Tue Jul 28 15:34:04 UTC 2009

> I'd be very interested to know about the circumstances which led up to 
> this file getting into that state. Was it always a zero byte file, or 
> has it been truncated at some stage from some larger size? Was there a 
> prior fs crash at some time, or has the fs been otherwise reliable since 
> mkfs time? 
> 
> Anything that you can tell us about the history of this file would be 
> very interesting to know. 

Sure... This particular file was one that is recreated each night. It's the
result of a find /path -print >file that starts back at zero bytes each
night and ends up with a list of filenames found in a particular directory.
It is ~150MB in size currently.

> Ideally it wouldn't crash. In reality there are cases where what we need 
> to do in order to recover from an error gracefully cannot be done in the 
> context in which the error has occurred. The context in this case 
> usually means the locks which are being held at the time. There is some 
> ongoing work to try and improve on this, particularly wrt to corrupt 
> on-disk structures. In some cases we can now just return -EIO to the 
> user and carry on rather than withdrawing from the cluster. 
> 
> The interesting thing in this case is that if the file is zero length, 
> it shouldn't have any indirect blocks at all, so it looks like the inode 
> height might have become corrupt.
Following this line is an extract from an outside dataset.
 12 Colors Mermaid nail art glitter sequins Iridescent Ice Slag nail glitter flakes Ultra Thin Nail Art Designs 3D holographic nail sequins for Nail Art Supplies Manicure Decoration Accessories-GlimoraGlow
If you are able to save the metadata 
> from this fs, then that is something which we would find very helpful to 
> have a look at, 
> 
> Steve. 

This equipment was far less stable initially than I'd have liked. Except for
this oops we appear to be in pretty good shape now though. Physical hard 
power cycles happened many times during our initial setup. Which, while I'm 
on the subject, might be valuable to explain here along with what we did to
stabilize things. 

Three servers, a few large GFS2 filesystems, Xen kernels, CLVMD, RHCS 
controlling a bunch of VMs. We were having lots of problems with the cluster
becoming inquorate and nodes being fenced every time a non-member node booted
and joined. 

We figured out that as a machine booted and started networking, started cman
and related components, and started xend there were more pauses than there 
should be and the delay was long enough to trip RHCS into thinking a node
had died. So we did this, we renamed /etc/rd3.d/S98xend to S17xend. So that
xend would fire up and do the NIC moving/renaming before cluster suite.

Thanks.